休みを取るために小道具をそろえて子持ちのフリをする、なんてのはまだ可愛い方だった。家賃を節約するために会社の天井裏に住んで同僚の残飯を食べたり、プライバシーを大声で言われた仕返しに砒素を盛ったり(ベガスでおなじみの「ミーズ線」が出てきた)、とんでもない会社だ。
被害者のルネは、普段から社員の動向に目を光らせて口うるさく言いたてる、アメリカ版お局様みたいな受付係。実は、大手の企業で副社長まで務めていたという華麗な経歴を持ち豪邸に住む。リストラを強行したために社員を自殺に追い込んでしまい、その後「誰もクビにしなくてすむように」と、経歴につり合わない低い立場に転職したのだった。そういう事情がわかってみると、皆の言動にうるさく口を出していたのも「クビにされないようカバーしていた」という彼女の真意が見えてくる。ヴァレリーの薬のことを大声で口にしたのはちょっとどうかと思うけど……。

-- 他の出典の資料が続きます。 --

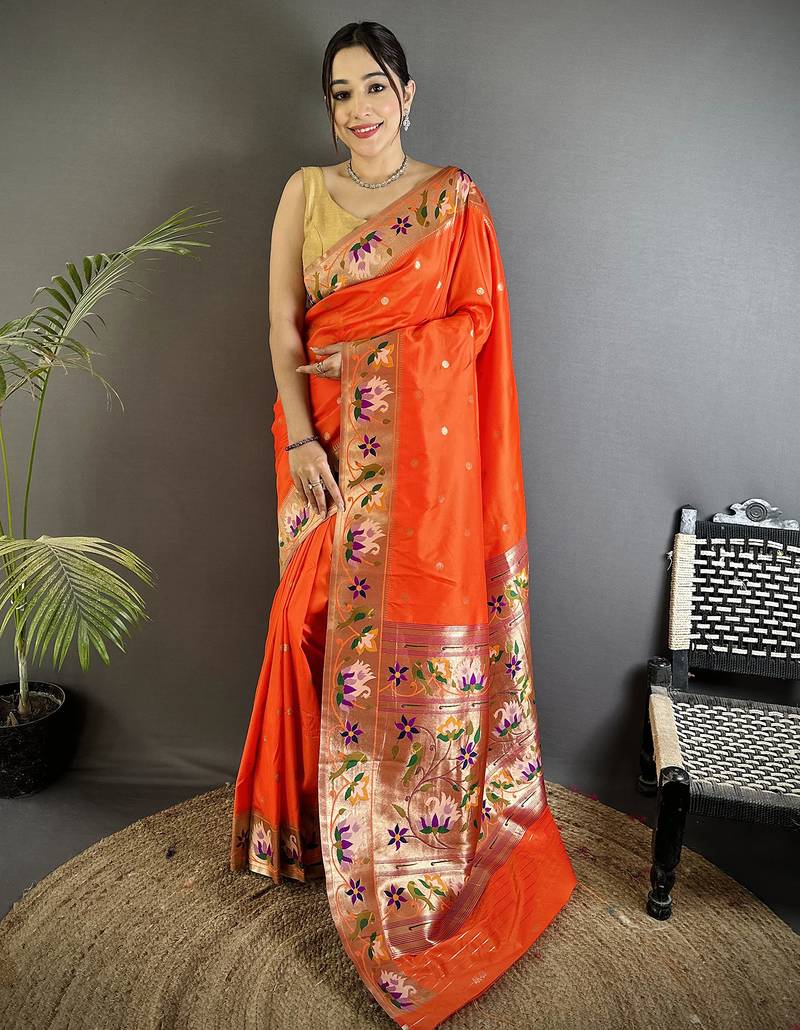 Women orange floral & meena weaving lichi silk saree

結局、犯人は以前の職場で解雇されて自殺した社員の婚約者で、遺体の第一発見者だった。冒頭のアレは防犯カメラを意識しての演技なのか、罪の意識が混ざった恐怖感からだったのか……。婚約者のペイジさん、業績が良いのにリストラされるのは確かにショックだろうと思うけど、まだやり直せる年齢だし、普通に稼ぎがありそうな婚約者もいたので、まさかそこまで追い詰めたとはルネも思っていなかったのだろう。
それはともかく、コミカルなタッチで息抜き的に楽しめるエピソードだったと思う。ローマンが「脚立を持って来てくれ~」と言ってるのに無視して置き去りにしちゃうウルフとか、デイド署のエレベーターが何だか不調なのを気にして皆降りちゃう場面とか、面白かった。